Sabdo Palon Naya Genggong

Sabdo Palon Naya Genggong adalah pedoman orang tanah Jawa, langgeng selamanya.
  • Sabdo atinya kata-kata,
  • Palon kayu pengancing kandang.
  • Naya artinya pandangan,
  • Genggong artinya langgeng tidak berubah.
Jadi Sabdo Palon Naya Genggong dalam kebangkitan Hindu dikatakan bahwa kisah ini terjadi setelah Kerajaan Majapahit jatuh.

Diceritakan pada zaman dahulu,
Dengan kemampuan supranatural dan mata bathinnya, Danghyang Nirartha telah melihat benih-benih keruntuhan kerajaan Hindu di tanah Jawa.
Ketika itu, maksud hati hendak melerai pihak-pihak yang bertikai, akan tetapi tidak mampu melawan kehendak Sang Pencipta, ditandai dengan berbagai bencana alam yang ditengarai turut ambil kontribusi dalam runtuhnya kerajaan Majapahit (salah satunya adalah bencana alam “Pagunungan Anyar”).
Akhirnya beliau mendapat petunjuk untuk hijrah ke sebuah pulau yang masih di bawah kekuasaan Majapahit, yaitu Pulau Bali.
Sebelum pergi ke Pulau Bali, Dang Hyang Nirartha hijrah ke Daha (Kediri), lalu ke Pasuruan dan kemudian ke Blambangan.Beliau pertama kali tiba di Pulau Bali dari Blambangan sekitar tahun caka 1411 atau 1489 M ketika Kerajaan Bali Dwipa dipimpin oleh Dalem Waturenggong.

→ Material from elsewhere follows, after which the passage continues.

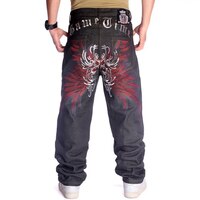 Мужские джинсы для скейтборда, с широкими штанинами и вышивкой, 30-46 дюймов 1005002877864260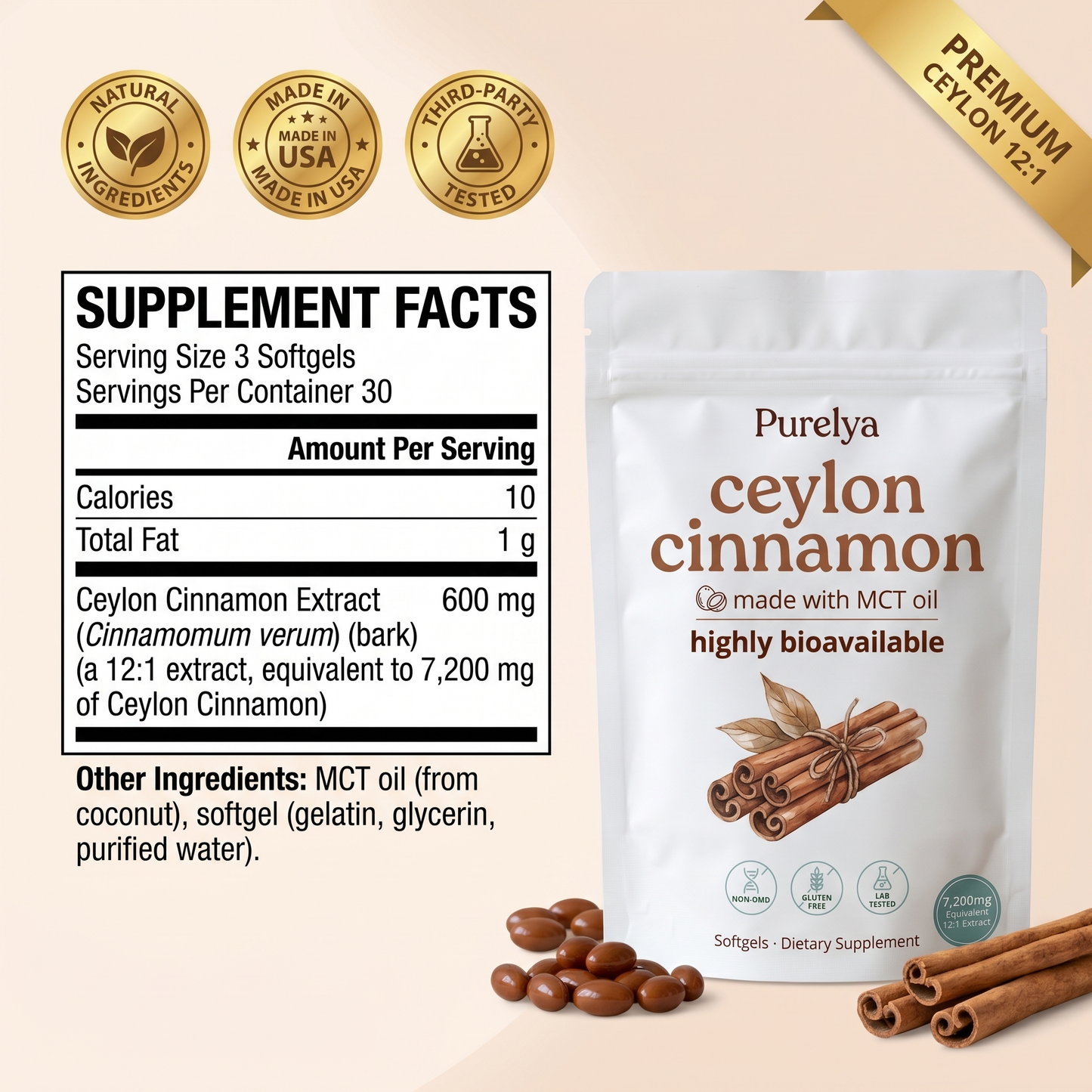 Ceylon Cinnamon 7,200mg with MCT Oil®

Dang Hyang Nirarta dijuluki pula Pedanda Sakti Wawu Rawuh karena beliau mempunyai kemampuan supra natural yang membuat Dalem Waturenggong sangat kagum sehingga beliau diangkat menjadi Bhagawanta (pendeta kerajaan).
Ketika itu Bali Dwipa mencapai jaman keemasan, karena semua bidang kehidupan rakyat ditata dengan baik.
Hak dan kewajiban para bangsawan diatur, hukum dan peradilan adat/agama ditegakkan, prasasti-prasasti yang memuat silsilah leluhur tiap-tiap soroh/klan disusun. Awig-awig Desa Adat pekraman dibuat, organisasi subak ditumbuh-kembangkan dan kegiatan keagamaan ditingkatkan.